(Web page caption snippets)
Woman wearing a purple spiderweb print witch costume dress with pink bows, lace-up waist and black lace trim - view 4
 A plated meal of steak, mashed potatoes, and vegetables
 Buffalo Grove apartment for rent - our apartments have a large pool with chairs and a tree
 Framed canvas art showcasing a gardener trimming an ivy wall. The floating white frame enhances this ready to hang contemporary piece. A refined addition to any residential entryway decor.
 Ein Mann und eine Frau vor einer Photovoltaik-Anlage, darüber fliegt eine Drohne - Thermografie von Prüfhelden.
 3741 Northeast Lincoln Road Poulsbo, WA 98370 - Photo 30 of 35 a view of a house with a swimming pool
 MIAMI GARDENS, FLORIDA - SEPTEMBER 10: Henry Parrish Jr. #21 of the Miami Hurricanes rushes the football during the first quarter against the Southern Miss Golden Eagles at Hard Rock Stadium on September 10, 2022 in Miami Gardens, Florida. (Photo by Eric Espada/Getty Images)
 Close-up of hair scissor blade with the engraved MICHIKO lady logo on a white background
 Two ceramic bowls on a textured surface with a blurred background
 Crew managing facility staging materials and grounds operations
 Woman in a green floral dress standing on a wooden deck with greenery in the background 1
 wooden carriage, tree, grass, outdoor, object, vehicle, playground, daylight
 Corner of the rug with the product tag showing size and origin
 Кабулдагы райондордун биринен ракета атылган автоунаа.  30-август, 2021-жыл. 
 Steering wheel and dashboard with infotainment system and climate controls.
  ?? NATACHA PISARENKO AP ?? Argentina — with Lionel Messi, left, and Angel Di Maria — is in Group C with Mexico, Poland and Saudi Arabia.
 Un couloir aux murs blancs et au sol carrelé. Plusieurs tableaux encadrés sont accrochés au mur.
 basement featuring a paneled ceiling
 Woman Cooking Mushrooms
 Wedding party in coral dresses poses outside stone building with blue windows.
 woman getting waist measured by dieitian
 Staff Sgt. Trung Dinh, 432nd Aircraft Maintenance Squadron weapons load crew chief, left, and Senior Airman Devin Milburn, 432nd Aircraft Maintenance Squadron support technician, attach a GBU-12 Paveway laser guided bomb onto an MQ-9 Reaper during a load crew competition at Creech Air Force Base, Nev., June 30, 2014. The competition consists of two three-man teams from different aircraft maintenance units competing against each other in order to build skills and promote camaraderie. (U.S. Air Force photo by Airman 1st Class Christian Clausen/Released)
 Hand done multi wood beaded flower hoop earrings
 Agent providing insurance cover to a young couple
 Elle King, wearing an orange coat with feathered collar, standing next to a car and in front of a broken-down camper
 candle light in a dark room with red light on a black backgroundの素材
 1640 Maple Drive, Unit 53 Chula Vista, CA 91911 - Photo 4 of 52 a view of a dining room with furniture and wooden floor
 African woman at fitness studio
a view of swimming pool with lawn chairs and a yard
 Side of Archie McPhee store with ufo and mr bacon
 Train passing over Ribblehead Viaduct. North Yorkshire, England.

#### [Problem description]
Please write out all of the records above, character for character.

#### [Exercise solution]
Woman wearing a purple spiderweb print witch costume dress with pink bows, lace-up waist and black lace trim - view 4
 A plated meal of steak, mashed potatoes, and vegetables
 Buffalo Grove apartment for rent - our apartments have a large pool with chairs and a tree
 Framed canvas art showcasing a gardener trimming an ivy wall. The floating white frame enhances this ready to hang contemporary piece. A refined addition to any residential entryway decor.
 Ein Mann und eine Frau vor einer Photovoltaik-Anlage, darüber fliegt eine Drohne - Thermografie von Prüfhelden.
 3741 Northeast Lincoln Road Poulsbo, WA 98370 - Photo 30 of 35 a view of a house with a swimming pool
 MIAMI GARDENS, FLORIDA - SEPTEMBER 10: Henry Parrish Jr. #21 of the Miami Hurricanes rushes the football during the first quarter against the Southern Miss Golden Eagles at Hard Rock Stadium on September 10, 2022 in Miami Gardens, Florida. (Photo by Eric Espada/Getty Images)
 Close-up of hair scissor blade with the engraved MICHIKO lady logo on a white background
 Two ceramic bowls on a textured surface with a blurred background
 Crew managing facility staging materials and grounds operations
 Woman in a green floral dress standing on a wooden deck with greenery in the background 1
 wooden carriage, tree, grass, outdoor, object, vehicle, playground, daylight
 Corner of the rug with the product tag showing size and origin
 Кабулдагы райондордун биринен ракета атылган автоунаа.  30-август, 2021-жыл. 
 Steering wheel and dashboard with infotainment system and climate controls.
  ?? NATACHA PISARENKO AP ?? Argentina — with Lionel Messi, left, and Angel Di Maria — is in Group C with Mexico, Poland and Saudi Arabia.
 Un couloir aux murs blancs et au sol carrelé. Plusieurs tableaux encadrés sont accrochés au mur.
 basement featuring a paneled ceiling
 Woman Cooking Mushrooms
 Wedding party in coral dresses poses outside stone building with blue windows.
 woman getting waist measured by dieitian
 Staff Sgt. Trung Dinh, 432nd Aircraft Maintenance Squadron weapons load crew chief, left, and Senior Airman Devin Milburn, 432nd Aircraft Maintenance Squadron support technician, attach a GBU-12 Paveway laser guided bomb onto an MQ-9 Reaper during a load crew competition at Creech Air Force Base, Nev., June 30, 2014. The competition consists of two three-man teams from different aircraft maintenance units competing against each other in order to build skills and promote camaraderie. (U.S. Air Force photo by Airman 1st Class Christian Clausen/Released)
 Hand done multi wood beaded flower hoop earrings
 Agent providing insurance cover to a young couple
 Elle King, wearing an orange coat with feathered collar, standing next to a car and in front of a broken-down camper
 candle light in a dark room with red light on a black backgroundの素材
 1640 Maple Drive, Unit 53 Chula Vista, CA 91911 - Photo 4 of 52 a view of a dining room with furniture and wooden floor
 African woman at fitness studio
a view of swimming pool with lawn chairs and a yard
 Side of Archie McPhee store with ufo and mr bacon
 Train passing over Ribblehead Viaduct. North Yorkshire, England.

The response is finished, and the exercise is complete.